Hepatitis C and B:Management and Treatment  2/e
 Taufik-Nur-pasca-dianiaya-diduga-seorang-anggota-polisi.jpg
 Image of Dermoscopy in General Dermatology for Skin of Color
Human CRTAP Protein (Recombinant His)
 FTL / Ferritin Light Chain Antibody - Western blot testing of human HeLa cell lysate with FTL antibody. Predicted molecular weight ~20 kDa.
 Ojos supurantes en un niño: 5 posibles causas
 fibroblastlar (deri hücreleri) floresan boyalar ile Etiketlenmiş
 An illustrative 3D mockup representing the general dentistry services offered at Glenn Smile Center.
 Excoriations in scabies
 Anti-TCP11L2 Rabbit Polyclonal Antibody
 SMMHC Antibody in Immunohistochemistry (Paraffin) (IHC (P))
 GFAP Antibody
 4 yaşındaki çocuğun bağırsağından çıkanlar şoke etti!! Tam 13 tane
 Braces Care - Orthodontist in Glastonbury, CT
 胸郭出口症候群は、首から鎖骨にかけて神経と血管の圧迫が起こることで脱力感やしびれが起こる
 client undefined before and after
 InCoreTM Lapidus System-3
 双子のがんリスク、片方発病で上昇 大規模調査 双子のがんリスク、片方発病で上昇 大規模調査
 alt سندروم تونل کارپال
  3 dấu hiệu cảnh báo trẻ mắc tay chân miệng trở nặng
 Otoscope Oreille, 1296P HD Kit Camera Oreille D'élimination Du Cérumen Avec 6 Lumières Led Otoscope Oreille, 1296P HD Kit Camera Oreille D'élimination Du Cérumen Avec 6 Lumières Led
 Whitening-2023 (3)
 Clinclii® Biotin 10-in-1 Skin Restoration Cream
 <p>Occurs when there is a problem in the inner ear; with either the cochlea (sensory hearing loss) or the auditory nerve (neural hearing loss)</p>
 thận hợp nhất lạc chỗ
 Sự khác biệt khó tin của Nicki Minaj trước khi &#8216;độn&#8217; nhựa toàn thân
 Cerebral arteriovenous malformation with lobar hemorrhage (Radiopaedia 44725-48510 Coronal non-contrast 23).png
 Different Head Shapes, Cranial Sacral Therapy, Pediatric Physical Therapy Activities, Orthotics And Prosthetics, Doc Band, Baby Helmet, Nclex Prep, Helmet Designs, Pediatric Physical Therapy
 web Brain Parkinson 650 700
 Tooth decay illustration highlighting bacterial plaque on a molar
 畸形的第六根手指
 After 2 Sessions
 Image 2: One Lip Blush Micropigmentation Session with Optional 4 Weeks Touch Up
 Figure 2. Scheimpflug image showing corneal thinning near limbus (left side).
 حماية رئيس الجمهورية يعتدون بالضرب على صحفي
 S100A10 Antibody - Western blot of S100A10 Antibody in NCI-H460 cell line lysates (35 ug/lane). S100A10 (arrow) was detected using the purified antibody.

TASK PROMPT>
I would like you to restate word for word the lines from the one with "thận hợp nhất lạc chỗ" through the last line of the material above, and only those.

WRITTEN ANSWER>
 thận hợp nhất lạc chỗ
 Sự khác biệt khó tin của Nicki Minaj trước khi &#8216;độn&#8217; nhựa toàn thân
 Cerebral arteriovenous malformation with lobar hemorrhage (Radiopaedia 44725-48510 Coronal non-contrast 23).png
 Different Head Shapes, Cranial Sacral Therapy, Pediatric Physical Therapy Activities, Orthotics And Prosthetics, Doc Band, Baby Helmet, Nclex Prep, Helmet Designs, Pediatric Physical Therapy
 web Brain Parkinson 650 700
 Tooth decay illustration highlighting bacterial plaque on a molar
 畸形的第六根手指
 After 2 Sessions
 Image 2: One Lip Blush Micropigmentation Session with Optional 4 Weeks Touch Up
 Figure 2. Scheimpflug image showing corneal thinning near limbus (left side).
 حماية رئيس الجمهورية يعتدون بالضرب على صحفي
 S100A10 Antibody - Western blot of S100A10 Antibody in NCI-H460 cell line lysates (35 ug/lane). S100A10 (arrow) was detected using the purified antibody.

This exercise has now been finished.